The NSA has likely harvested and cached thousands of PGP secret keys from passive monitoring of internet links public and private (Google famously failed to use encryption on internal WAN links for a long time), active exploitation of host and workstation systems, and bulk exfiltration of nonpublic data from service providers (think stored records: emails and files).
(Unrelated: As well as TLS long term keys, passwords, hashes, usernames, and any other kind of metadata or secrets that may be useful one day in the future, if nothing more than for dictionary attack prefix/suffix fodder.)
I wouldn’t be surprised if they have some more creative secret key sources too: stolen and glitched smart cards, laptops that disappeared out of targets’ cars, tossed offices via evil maid, dumpster diving, all of it, including some I probably haven’t thought of because I’m a computer nerd and not a military intelligence cloak-and-dagger type.

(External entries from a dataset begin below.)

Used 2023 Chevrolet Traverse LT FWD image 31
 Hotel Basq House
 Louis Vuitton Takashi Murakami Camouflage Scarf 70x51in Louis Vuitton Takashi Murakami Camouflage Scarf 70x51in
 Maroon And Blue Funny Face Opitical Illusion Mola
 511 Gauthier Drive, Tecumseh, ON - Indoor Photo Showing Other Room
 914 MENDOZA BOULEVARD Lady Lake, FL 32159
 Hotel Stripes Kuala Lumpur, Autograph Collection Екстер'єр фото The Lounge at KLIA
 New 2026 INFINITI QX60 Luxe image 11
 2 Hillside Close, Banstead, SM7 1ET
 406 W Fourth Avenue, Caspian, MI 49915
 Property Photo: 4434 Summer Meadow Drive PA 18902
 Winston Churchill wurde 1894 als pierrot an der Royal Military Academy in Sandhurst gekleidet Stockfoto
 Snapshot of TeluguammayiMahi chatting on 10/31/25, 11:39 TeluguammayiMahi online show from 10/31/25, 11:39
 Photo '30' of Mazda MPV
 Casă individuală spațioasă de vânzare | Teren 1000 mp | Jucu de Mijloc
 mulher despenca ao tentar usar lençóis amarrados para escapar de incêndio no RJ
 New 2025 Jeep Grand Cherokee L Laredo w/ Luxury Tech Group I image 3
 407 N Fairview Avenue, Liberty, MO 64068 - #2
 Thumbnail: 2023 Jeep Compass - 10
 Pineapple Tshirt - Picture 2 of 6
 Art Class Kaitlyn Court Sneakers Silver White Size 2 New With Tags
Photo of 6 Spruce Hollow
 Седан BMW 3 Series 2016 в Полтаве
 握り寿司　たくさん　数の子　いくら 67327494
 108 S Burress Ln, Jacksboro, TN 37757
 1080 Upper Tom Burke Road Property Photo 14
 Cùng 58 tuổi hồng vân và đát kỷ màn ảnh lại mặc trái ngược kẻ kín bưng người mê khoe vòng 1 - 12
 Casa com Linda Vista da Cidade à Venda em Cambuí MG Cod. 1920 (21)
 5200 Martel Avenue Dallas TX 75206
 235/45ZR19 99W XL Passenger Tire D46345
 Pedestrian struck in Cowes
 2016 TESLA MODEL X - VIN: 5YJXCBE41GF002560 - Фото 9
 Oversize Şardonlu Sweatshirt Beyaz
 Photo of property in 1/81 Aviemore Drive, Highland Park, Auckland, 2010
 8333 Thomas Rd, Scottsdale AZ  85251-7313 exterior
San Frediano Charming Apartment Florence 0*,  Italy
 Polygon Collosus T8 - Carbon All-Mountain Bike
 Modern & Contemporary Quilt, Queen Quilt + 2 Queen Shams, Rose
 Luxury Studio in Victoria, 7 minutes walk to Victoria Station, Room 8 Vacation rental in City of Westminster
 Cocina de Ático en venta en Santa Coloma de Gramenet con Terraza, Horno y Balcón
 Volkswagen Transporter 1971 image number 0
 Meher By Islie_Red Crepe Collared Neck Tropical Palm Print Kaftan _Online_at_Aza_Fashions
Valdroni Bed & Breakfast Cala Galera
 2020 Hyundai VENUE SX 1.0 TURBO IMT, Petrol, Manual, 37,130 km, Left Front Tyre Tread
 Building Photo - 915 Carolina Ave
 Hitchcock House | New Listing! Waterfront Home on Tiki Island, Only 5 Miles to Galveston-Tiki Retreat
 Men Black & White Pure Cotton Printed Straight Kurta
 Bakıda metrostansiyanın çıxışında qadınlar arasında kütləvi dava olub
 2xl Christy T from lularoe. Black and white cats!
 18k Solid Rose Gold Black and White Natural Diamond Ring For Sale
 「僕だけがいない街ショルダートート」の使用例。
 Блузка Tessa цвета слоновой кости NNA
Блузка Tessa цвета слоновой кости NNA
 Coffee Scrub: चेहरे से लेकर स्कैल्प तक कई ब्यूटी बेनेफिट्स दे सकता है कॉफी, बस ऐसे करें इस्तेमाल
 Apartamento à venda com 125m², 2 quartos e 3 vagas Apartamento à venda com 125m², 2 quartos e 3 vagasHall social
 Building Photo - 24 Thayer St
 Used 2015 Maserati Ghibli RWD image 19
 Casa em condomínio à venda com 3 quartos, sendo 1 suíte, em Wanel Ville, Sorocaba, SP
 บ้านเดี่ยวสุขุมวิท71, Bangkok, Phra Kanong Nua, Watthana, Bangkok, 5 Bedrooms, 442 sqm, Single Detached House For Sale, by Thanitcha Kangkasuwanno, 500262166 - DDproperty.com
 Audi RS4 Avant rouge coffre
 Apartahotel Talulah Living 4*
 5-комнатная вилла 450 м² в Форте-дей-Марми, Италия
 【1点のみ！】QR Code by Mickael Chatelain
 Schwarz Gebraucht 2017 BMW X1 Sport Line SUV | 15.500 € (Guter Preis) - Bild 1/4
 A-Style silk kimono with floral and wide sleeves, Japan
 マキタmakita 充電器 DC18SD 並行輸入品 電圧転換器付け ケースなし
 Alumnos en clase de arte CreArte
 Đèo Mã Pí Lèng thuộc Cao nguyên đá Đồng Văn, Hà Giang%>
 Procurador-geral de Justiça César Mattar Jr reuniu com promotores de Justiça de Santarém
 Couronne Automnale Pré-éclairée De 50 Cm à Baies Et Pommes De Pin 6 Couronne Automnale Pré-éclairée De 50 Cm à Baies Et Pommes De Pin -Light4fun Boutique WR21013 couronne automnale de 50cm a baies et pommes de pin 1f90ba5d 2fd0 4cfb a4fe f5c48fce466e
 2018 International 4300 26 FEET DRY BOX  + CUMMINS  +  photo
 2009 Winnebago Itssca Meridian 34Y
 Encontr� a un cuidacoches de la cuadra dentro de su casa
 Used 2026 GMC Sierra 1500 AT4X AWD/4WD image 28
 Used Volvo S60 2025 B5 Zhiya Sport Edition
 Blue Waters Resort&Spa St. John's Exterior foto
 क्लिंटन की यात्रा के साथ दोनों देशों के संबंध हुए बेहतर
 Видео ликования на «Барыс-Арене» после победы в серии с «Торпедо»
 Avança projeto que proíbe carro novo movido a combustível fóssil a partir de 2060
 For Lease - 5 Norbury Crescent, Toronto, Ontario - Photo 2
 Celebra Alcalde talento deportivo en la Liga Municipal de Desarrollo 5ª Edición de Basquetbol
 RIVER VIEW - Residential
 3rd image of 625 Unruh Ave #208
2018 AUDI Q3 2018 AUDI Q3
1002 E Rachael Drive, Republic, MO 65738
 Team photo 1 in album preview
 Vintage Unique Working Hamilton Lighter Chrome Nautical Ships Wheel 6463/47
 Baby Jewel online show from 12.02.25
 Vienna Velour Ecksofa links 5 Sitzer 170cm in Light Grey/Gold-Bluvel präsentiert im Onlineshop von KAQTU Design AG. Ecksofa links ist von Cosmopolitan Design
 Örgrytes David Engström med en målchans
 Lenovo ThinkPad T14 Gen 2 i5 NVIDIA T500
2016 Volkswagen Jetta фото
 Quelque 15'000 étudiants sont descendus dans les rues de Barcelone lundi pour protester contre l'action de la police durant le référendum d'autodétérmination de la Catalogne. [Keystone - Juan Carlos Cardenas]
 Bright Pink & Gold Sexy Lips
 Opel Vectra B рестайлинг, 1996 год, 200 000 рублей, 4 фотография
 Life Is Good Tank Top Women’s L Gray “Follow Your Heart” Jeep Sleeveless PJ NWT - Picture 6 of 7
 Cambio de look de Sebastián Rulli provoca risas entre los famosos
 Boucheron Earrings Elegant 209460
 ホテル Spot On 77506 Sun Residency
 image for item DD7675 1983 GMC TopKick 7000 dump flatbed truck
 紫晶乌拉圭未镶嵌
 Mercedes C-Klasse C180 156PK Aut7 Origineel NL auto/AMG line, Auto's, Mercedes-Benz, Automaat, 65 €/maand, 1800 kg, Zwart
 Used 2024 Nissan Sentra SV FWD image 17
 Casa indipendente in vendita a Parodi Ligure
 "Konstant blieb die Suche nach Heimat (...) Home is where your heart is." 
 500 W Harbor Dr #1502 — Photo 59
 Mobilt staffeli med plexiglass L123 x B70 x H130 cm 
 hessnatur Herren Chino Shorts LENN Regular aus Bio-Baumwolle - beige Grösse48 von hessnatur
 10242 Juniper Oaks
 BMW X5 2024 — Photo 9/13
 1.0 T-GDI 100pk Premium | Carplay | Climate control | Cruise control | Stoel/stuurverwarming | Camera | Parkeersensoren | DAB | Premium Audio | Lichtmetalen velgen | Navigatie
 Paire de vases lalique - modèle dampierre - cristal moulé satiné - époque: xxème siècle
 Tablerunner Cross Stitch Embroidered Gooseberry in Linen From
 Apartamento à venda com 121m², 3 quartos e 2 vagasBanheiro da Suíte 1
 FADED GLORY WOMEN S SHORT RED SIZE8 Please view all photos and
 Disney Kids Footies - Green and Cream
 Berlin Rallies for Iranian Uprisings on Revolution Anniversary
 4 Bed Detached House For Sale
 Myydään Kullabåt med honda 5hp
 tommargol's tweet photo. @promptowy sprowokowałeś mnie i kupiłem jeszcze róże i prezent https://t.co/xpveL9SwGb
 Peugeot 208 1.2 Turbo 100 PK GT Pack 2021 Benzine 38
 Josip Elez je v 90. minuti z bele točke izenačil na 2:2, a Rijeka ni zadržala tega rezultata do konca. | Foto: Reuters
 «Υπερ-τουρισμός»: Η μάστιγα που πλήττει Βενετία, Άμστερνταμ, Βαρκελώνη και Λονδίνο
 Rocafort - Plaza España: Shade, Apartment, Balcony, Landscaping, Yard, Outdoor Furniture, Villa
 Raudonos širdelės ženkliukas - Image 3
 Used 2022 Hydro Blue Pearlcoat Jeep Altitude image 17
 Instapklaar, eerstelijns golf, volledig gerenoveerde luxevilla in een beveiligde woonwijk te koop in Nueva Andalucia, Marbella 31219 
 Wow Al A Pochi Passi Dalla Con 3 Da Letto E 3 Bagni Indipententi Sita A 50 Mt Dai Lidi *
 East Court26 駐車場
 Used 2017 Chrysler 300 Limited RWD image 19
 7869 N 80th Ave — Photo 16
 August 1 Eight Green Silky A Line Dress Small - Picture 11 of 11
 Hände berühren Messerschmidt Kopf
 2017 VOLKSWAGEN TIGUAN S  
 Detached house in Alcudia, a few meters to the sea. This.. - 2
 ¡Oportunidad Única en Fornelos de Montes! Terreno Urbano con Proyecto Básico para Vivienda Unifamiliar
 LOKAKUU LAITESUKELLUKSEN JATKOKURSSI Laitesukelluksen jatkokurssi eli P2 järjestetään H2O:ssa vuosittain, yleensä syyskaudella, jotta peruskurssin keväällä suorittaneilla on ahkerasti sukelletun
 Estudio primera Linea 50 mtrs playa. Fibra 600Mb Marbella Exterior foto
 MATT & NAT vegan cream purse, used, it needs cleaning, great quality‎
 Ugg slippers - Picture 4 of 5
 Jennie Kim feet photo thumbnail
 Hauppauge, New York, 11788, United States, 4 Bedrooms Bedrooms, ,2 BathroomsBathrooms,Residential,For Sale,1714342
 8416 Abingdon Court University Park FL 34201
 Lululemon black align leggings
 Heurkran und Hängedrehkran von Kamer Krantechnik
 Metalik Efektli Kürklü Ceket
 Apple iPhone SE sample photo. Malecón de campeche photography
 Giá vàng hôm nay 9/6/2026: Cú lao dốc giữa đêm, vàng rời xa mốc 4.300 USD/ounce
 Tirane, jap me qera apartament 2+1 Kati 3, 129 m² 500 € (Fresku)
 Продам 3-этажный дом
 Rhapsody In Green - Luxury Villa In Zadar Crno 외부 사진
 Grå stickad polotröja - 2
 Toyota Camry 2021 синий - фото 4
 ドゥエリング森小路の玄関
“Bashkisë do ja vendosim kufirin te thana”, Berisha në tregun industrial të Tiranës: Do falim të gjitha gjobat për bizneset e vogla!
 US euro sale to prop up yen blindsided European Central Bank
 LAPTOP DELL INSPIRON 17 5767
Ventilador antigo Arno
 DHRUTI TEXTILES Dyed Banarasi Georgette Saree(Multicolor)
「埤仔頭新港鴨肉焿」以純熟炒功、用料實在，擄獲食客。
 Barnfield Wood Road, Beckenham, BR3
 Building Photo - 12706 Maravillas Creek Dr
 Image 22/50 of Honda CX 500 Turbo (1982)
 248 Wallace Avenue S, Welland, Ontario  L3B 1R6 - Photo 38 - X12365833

Put all the recovered secrets into a big ol’ database, because disk is cheap and keys are small. Keep it for all time, Just In Case.
Of course, there is a request system frontending this capability.
There are many PGP messages they can decrypt, simply because they slurped up the specific private keys for those messages at some point, and simply saved every secret key, hash, or password that they ever saw, as a general organizational policy.
That doesn’t mean they have broken PGP.